INBISNIS.ID, DENPASAR – Anggota MPR RI Made Mangku Pastika mengajak puluhan mahasiswa dari berbagai perguruan tinggi di Bali untuk mewaspadai ancaman terhadap keutuhan NKRI dan Pancasila di era globalisasi.
Hal tersebut disampaikannya di sela-sela diskusi dengan tema “Mengaktulisasikan Implementasi Empat Konsensus Kebangsaan untuk Menjaga dan Menguatkan Keutuhan NKRI” pada, Sabtu (16/4/22) di Gallery Gujji Cafe Jln. Merdeka, Tanjung Bungkak Denpasar.
Menurut mantan Gubernur Bali periode 2008-2018 ini, tantangan mempertahankan Pancasila dan keutuhan NKRI tidaklah ringan di era globalisasi dewasa ini. Negara ini bisa saja seketika hancur jika kaum intelektualnya disusupi paham-paham radikal.
“Kalau hal ini tidak diwaspadai maka ancaman itu bisa mengganggu keutuhan bangsa. Dan kita tak bisa tahu seperti ke depannya, apakah negeri ini masih bisa seperti sekarang,” katanya.

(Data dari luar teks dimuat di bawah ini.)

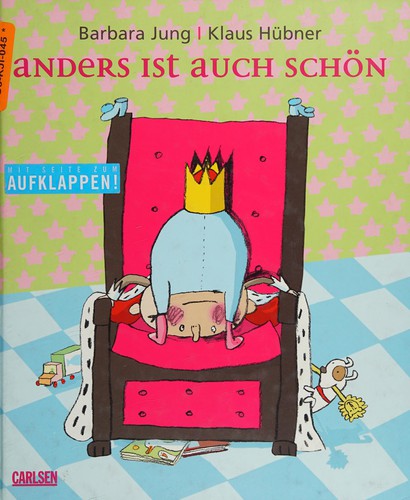 Cover for Anders ist auch schön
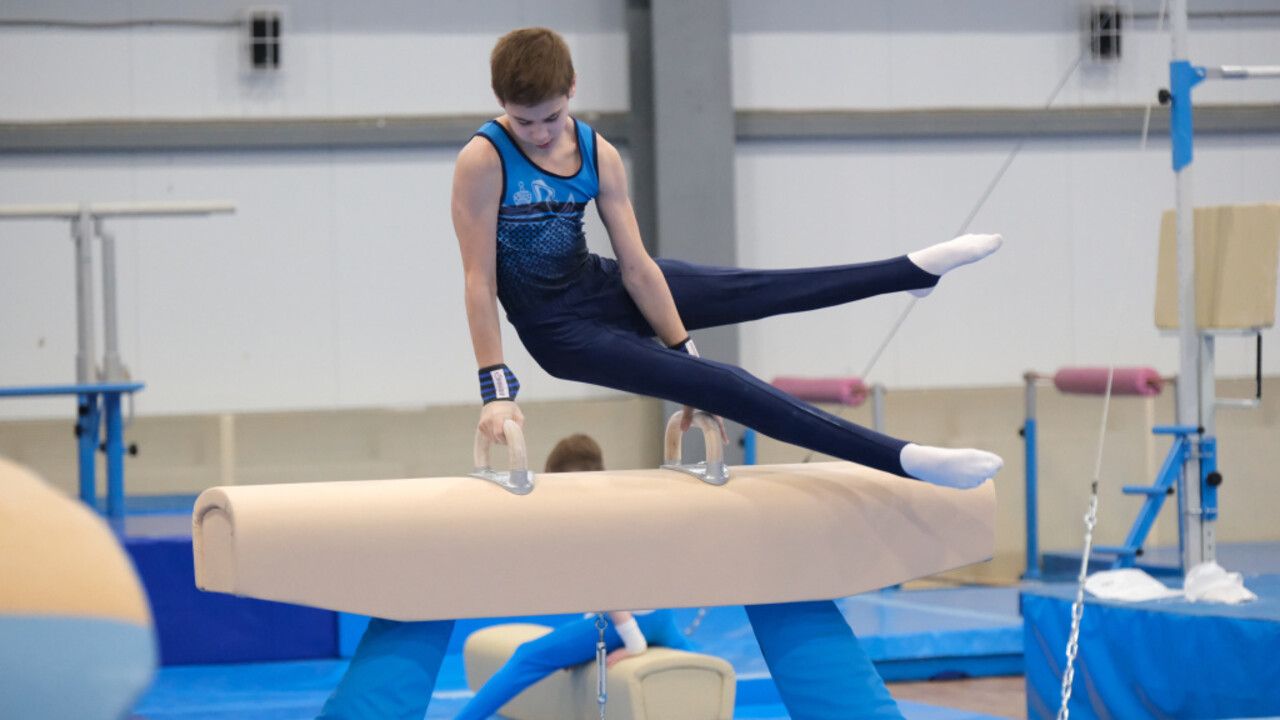​Пермь впервые примет первенство ПФО по спортивной гимнастике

Ia menambahkan, melihat besarnya ancaman dan tantangan ke depan, maka kepada generasi muda khususnya mahasiswa sebagai penerus bangsa diminta memperkuat ketahanan dan kecintaan terhadap NKRI, dengan salah satunya menjaga dan melestarikan kebudayaan yang diwariskan leluhur.
“Kalau kita kurang waspada, kita bisa terpecah, seperti halnya Ukraina yang dulu menyatu dengan Rusia. Dulu orang perang ideologi, sekarang justru perang fisik, dengan bom yang bisa merusak dan menghancurkan dan menimbulkan banyak korban (jiwa) manusia,” ungkapnya.

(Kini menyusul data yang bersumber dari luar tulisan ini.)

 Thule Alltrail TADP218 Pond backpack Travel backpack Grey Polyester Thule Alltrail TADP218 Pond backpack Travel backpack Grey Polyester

Mangku Pastika menegaskan, ancaman bangsa ini nyata dan mereka masuk ke kampus-kampus memengaruhi mahasiswa. “Perlu ada ketahanan yang kuat sehingga tidak gampang disusupi. Jadi harus ada semacam vaksin ideologi agar kuat. Saya kira senjata yang bisa hadapi gempuran ideologi maupun terorisme adalah Pancasila,” tandasnya.
Selain itu, Ia juga mengingatkan pentingnya implementasi nyata sila ke-5 Keadilan sosial bagi seluruh bangsa Indonesia. Sebab kalau keadilan sudah terwujud, maka keamanan akan terjaga dengan baik.

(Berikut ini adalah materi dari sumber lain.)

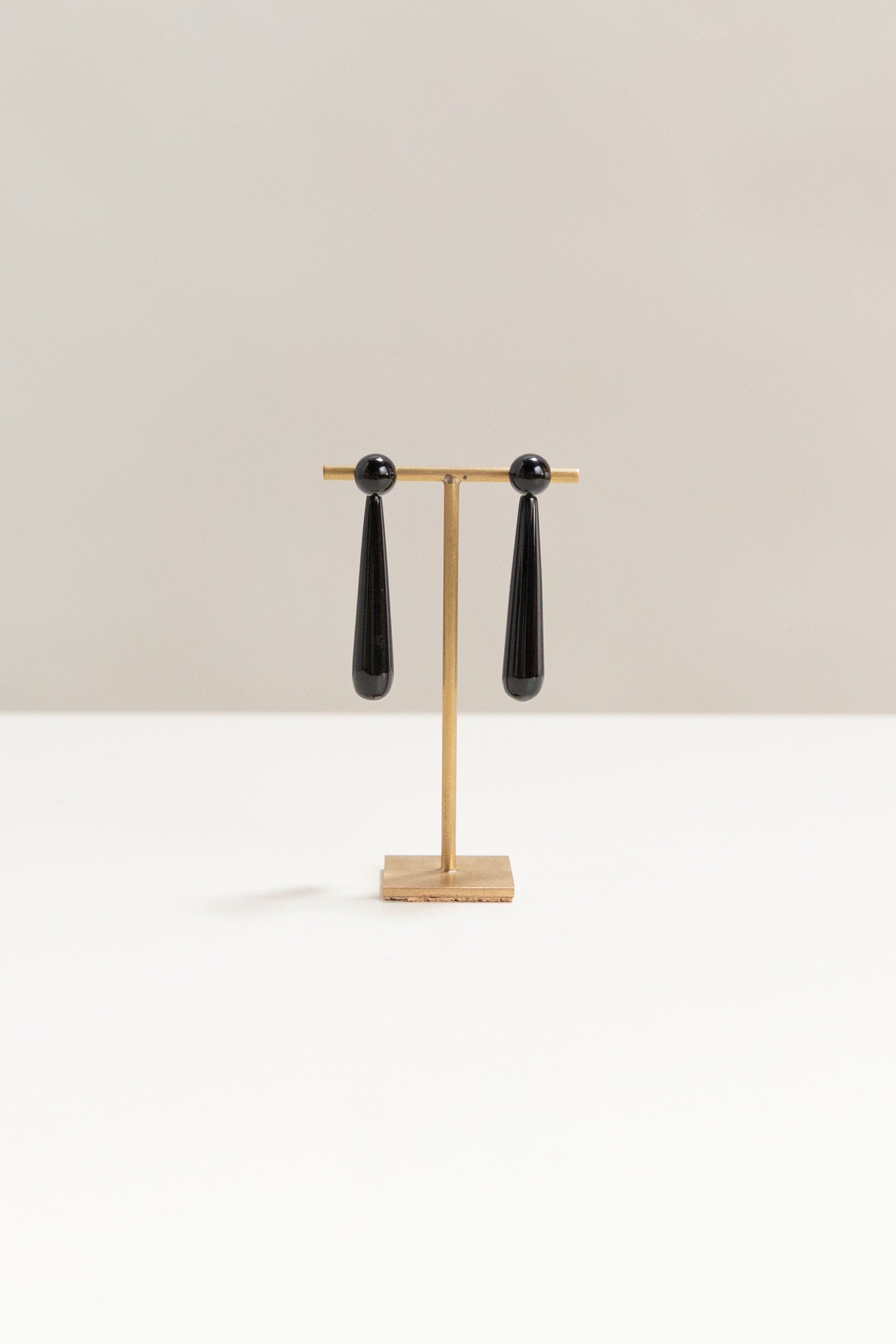SORELA ONYX EARRINGS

“Ketika saya jadi gubernur keadilan sosial ini jadi prioritas seperti penanganan kemiskinan, saya bangun bedah rumah, simantri, dll. Jadi seorang pemimpin itu harus bisa ciptakan keadilan sosial bagi warganya,” pesannya.
Sementara itu, Dr. I Wayan Tagel Edy, MS., mengatakan perbedaan pendapat di alam demokrasi ini harus dihormati. “Jadi demo itu sah-sah saja, asal patuhi aturan. Sikap kritis itu penting tapi jangan sampai diadu domba,” sebutnya.
Karena itu ia mengingatkan konsensus kebangsaan yakni 4 pilar itu memang banyak tantangan baik di dalam maupun dari luar negeri. Sebab dipengaruhi adanya pergeseran dan dinamika masyarakat yang begitu cepat.
“Salah satu solusinya adalah dengan pendidikan yang berkesinambungan sehingga bangsa itu bisa semakin maju. Empat pilar kebangsaan ini merupakan soko guru yang bisa landasan untuk berubah dan maju,” jelasnya.
Selain itu, Dr. Gede Wardana,MSi., menjelaskan, perbedaan rasial, agama, suku atau ras sebagai warisan secara turun temurun, dahulu merupakan unsur-unsur pengayaan yang mewarnai khasanah budaya bangsa. Namun sekarang telah berubah menjadi momok yang menakutkan sekaligus ancaman potensial bagi eksistensi bangsa.
Akankah ikatan tali kesatuan ini terancam lepas. Tentu tergantung bagaimana menanamkan kembali wawasan kebangsaan,” ujarnya.
Wardana menambahkan, etika kehidupan berbangsa merupakan rumusan yang bersumber dari ajaran agama, khususnya yang bersifat universal, dan nilai-nilai luhur budaya bangsa yang tercermin dalam Pancasila sebagai acuan dasar dalam berpikir, bersikap dan bertingkah laku dalam kehidupan berbangsa. Dan UUD 1945 sebagai landasan konstitusional serta ke-Bhinekaan Tunggal Ika sebagai pijakan dalam memperkokoh dan NKRI.
“Karena itu ketahanan budaya bangsa harus kuat. Juga penting dijaga ketahanan ekonomi dan lingkungan. Kekayaan sebuah bangsa tergantung bangsa itu bisa menjaga dan membangun konsensusnya,” tutupnya.